Harry ne répond pas immédiatement. La voix grave de Charlie le remue un peu. Il a besoin d'échanger avec quelqu'un en qui il a confiance, qui le connaît bien, mais qui ne connaît pas Drago.

— Pas très bien… Je… je suis désolé, je ne savais pas qui appeler à part toi.

— Tu as bien fait. Ce que je t'ai dit à Noël ce n'était pas des paroles en l'air, tu peux m'appeler quand tu veux.

Harry est tellement reconnaissant envers Charlie. Il ne mérite pas que ce dernier soit toujours son ami après ce qu'il leur a fait vivre. Charlie ne voulait pas rompre, c'est Harry qui l'a décidé. Et il leur a fallu à tous les deux cinq ans pour s'en remettre. Harry sait qu'il ne mérite pas que les deux amours de sa vie soient encore ses ami·e·s. Mais il en profite honteusement.

— J'ai besoin de conseils. À propos de ma relation avec Malefoy.

— Je croyais que Lucius Malefoy était en prison ?

— Pas Lucius, son fils, Drago. Je pensais t'avoir dit que je travaillais avec lui maintenant. Il est prof de Potions à Poudlard.

— Ah oui, le fils Malefoy. C'est vrai, excuse-moi, j'avais oublié. Alors que se passe-t-il avec Drago ?

Harry hésite un peu sur la formulation de ce qui lui tourne dans la tête. Le pauvre Charlie ne mérite pas d'être le réceptacle de ses déboires sentimentaux.

— On a eu quelques frictions en début d'année scolaire, mais on a vite tourné la page. On se taquine beaucoup, mais sans méchanceté. Et on est devenus assez proches, il m'a donné des cours de Potions, on a passé du temps ensemble. Du coup….

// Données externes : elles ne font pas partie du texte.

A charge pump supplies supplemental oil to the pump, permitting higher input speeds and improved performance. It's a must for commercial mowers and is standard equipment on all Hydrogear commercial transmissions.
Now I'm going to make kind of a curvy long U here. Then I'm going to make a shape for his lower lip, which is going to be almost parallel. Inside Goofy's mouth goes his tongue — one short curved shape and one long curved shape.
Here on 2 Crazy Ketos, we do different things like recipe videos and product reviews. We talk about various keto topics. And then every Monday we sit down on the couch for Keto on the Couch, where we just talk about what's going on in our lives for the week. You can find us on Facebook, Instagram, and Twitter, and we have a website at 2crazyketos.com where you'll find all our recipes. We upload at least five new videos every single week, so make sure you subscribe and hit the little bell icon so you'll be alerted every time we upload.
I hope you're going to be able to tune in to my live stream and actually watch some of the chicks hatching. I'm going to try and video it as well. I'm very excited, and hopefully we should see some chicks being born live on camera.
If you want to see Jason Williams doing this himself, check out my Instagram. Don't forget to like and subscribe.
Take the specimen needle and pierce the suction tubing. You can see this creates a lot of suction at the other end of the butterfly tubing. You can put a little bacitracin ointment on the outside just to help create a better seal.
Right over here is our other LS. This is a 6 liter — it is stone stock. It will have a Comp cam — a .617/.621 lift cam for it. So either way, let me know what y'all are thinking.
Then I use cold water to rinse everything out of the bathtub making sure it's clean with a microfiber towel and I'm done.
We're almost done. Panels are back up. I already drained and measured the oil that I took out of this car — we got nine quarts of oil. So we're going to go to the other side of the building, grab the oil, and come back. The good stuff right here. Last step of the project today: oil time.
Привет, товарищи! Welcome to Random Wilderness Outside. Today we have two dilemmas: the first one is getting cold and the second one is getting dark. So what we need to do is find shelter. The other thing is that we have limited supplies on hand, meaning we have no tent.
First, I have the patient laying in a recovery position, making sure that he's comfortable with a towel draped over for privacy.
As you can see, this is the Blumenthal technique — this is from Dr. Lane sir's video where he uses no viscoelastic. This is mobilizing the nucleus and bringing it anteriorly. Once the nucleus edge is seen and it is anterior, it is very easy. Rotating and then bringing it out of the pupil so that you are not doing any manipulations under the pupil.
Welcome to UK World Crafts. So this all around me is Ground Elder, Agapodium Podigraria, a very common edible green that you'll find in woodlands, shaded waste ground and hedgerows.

— Du coup, tu as envie de le baiser.

Harry s'étrangle de surprise. Il tousse un peu et peine à reprendre sa respiration.

— Charlie… tu es bien placé pour savoir que ce n'est pas ce qui m'importe le plus.

— Je sais. Mais j'ai raison, n'est-ce pas ?

— Il m'attire, oui. Et on s'est embrassés. Deux fois depuis samedi. Mais il est dans le placard et ne semble pas vouloir en sortir. Je ne devrais même pas t'en parler, il veut pas que ça se sache.

— Je garderai le secret, c'est promis. Mais tu as l'habitude de vivre des histoires clandestines, Harry, ça ne devrait pas t'arrêter…

— Je ne veux plus de ça, Charlie, ça a contribué à nous séparer. Mais c'est surtout qu'on s'est violemment engueulés ce midi alors que je voulais juste discuter.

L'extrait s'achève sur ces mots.